# DATA BELOW
_ _ _ _

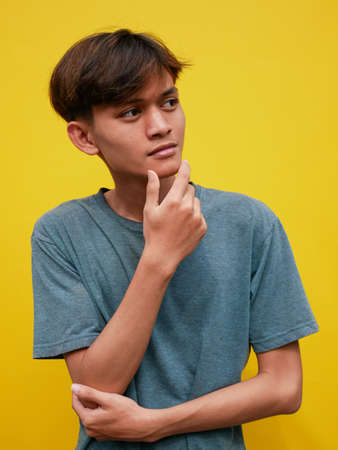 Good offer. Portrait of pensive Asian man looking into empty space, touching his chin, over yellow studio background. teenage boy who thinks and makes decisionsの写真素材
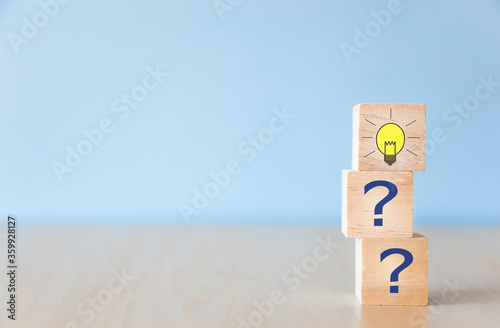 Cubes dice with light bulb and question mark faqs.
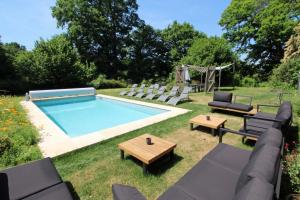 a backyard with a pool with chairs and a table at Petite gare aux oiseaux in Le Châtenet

_ _ _ _

# TRY IT
Write the data out again exactly, but without its images.

# TASK RESULT
 Good offer. Portrait of pensive Asian man looking into empty space, touching his chin, over yellow studio background. teenage boy who thinks and makes decisionsの写真素材
 Cubes dice with light bulb and question mark faqs.
 a backyard with a pool with chairs and a table at Petite gare aux oiseaux in Le Châtenet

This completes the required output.